**RECORDS SUPPLIED**

###

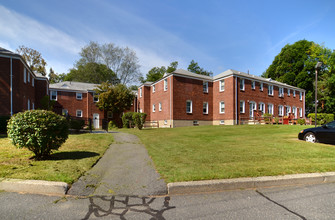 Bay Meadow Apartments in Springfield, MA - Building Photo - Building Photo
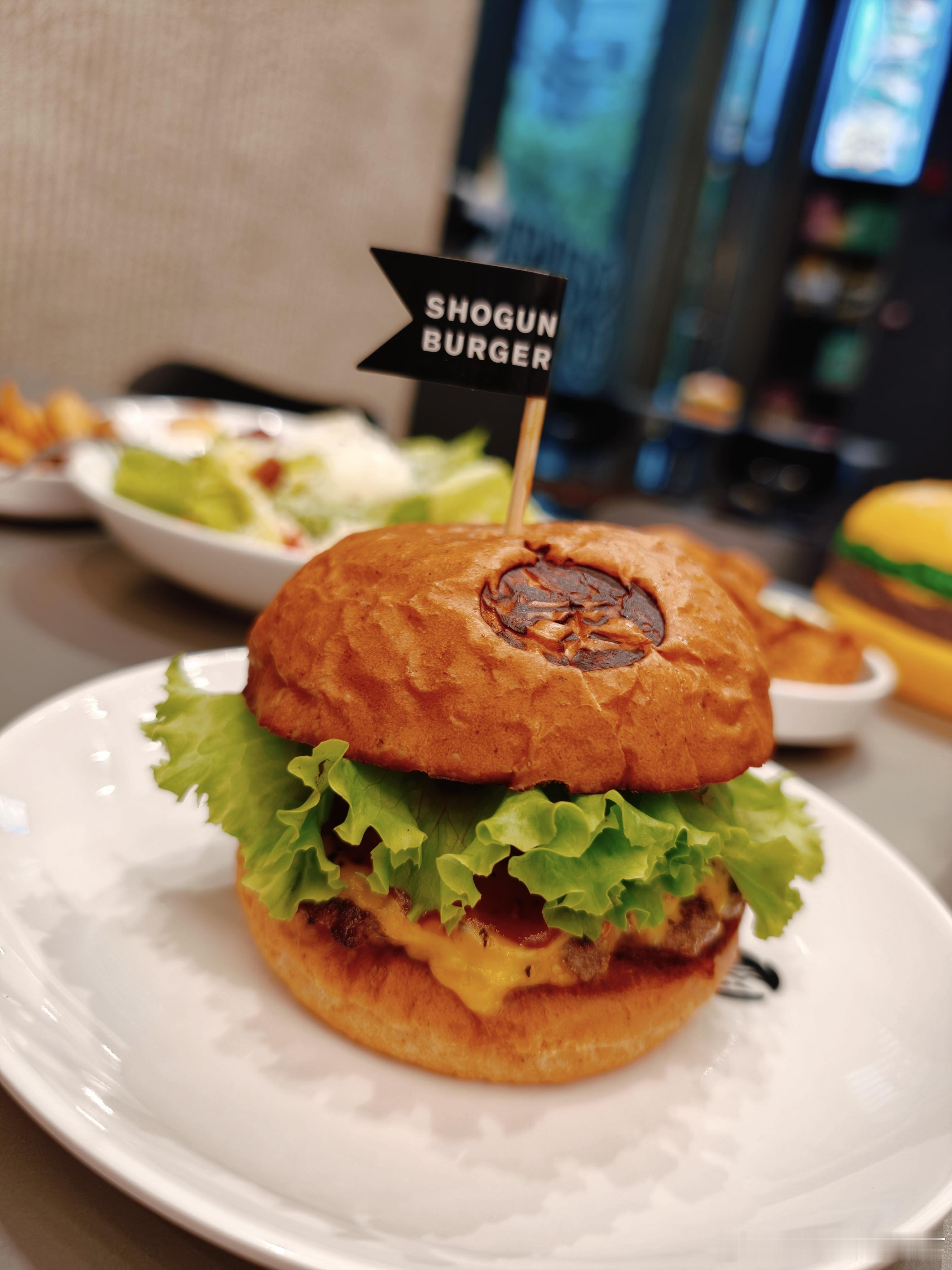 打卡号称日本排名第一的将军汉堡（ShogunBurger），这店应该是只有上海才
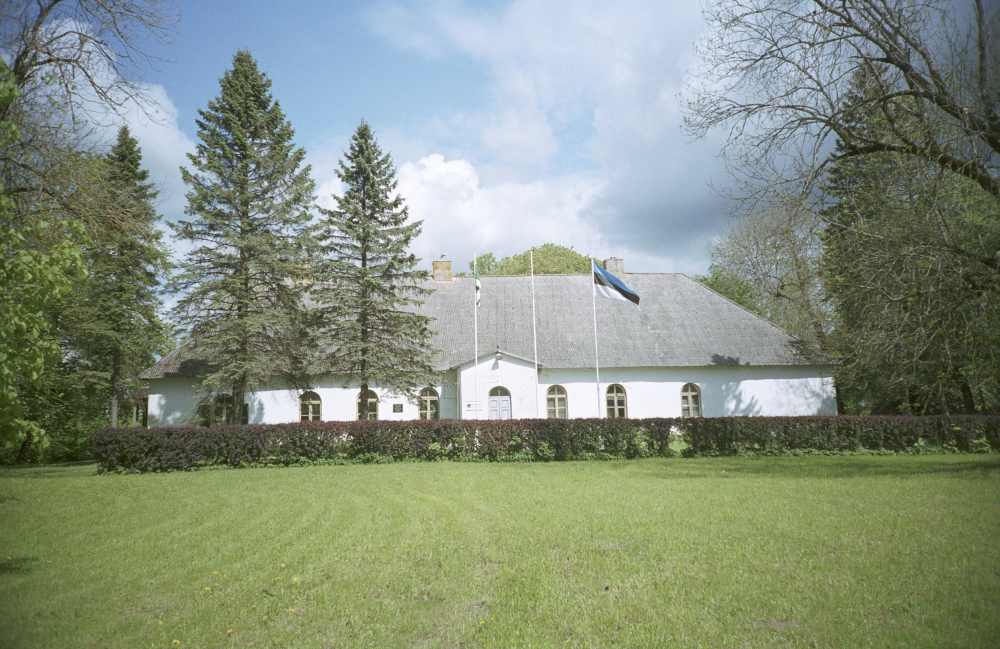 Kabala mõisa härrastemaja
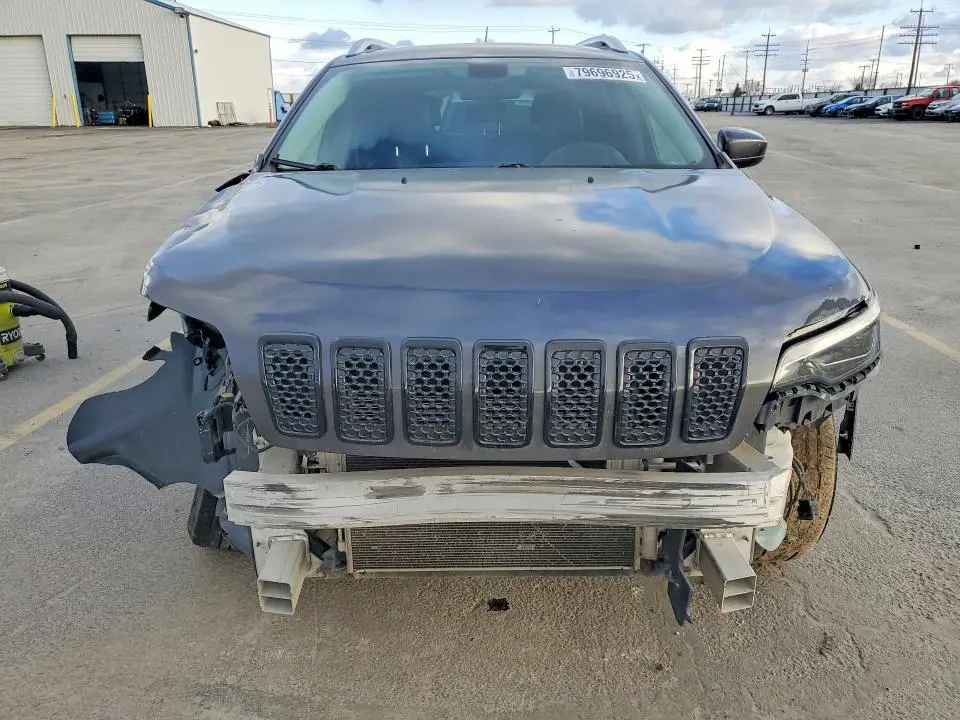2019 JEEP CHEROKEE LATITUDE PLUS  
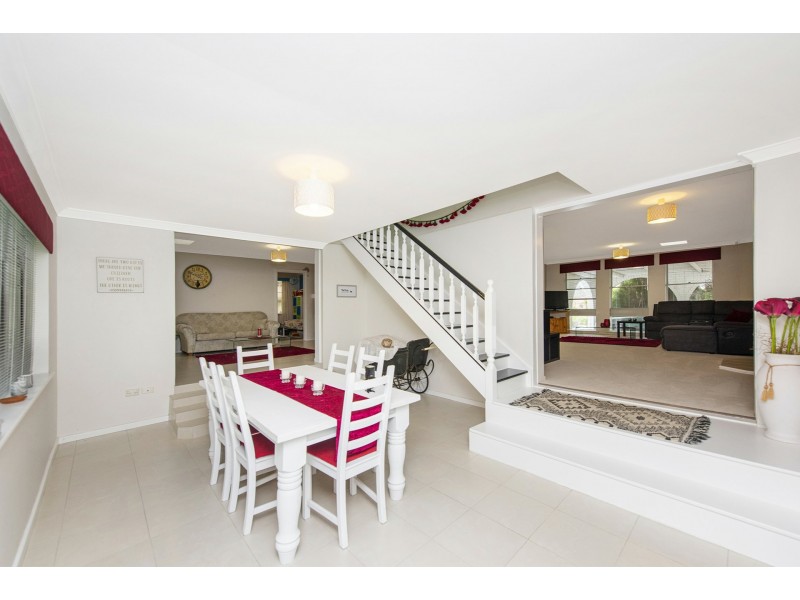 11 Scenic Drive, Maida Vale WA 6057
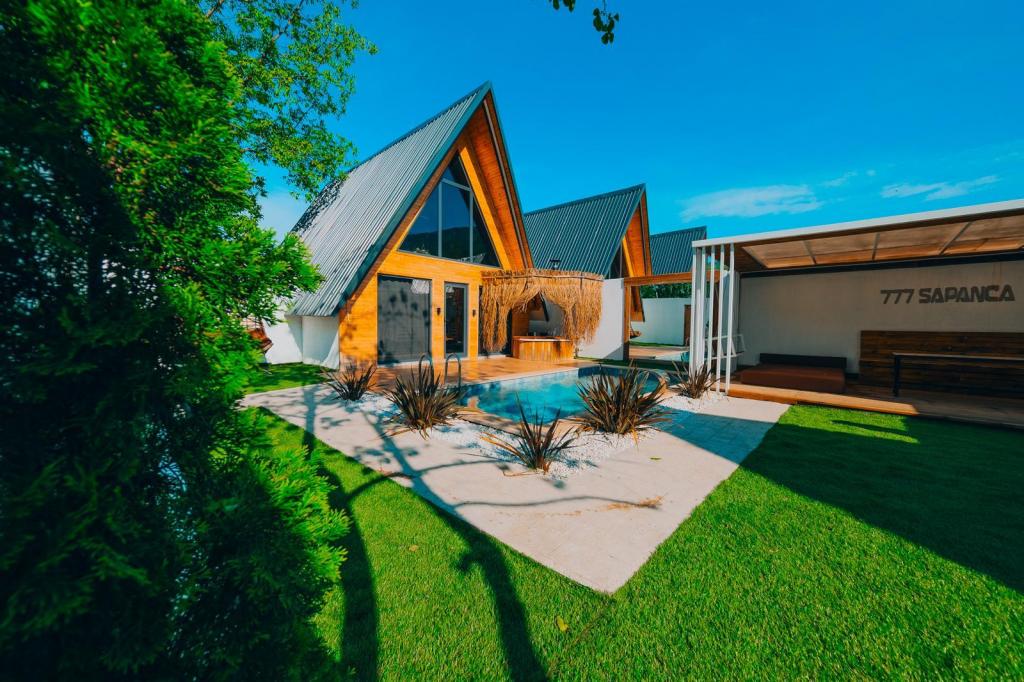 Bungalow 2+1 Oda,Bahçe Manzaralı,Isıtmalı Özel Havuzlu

###

Each record must be repeated verbatim, and no picture may appear in the copy.

**EXPECTED ANSWER**
 Bay Meadow Apartments in Springfield, MA - Building Photo - Building Photo
 打卡号称日本排名第一的将军汉堡（ShogunBurger），这店应该是只有上海才
 Kabala mõisa härrastemaja
2019 JEEP CHEROKEE LATITUDE PLUS  
 11 Scenic Drive, Maida Vale WA 6057
 Bungalow 2+1 Oda,Bahçe Manzaralı,Isıtmalı Özel Havuzlu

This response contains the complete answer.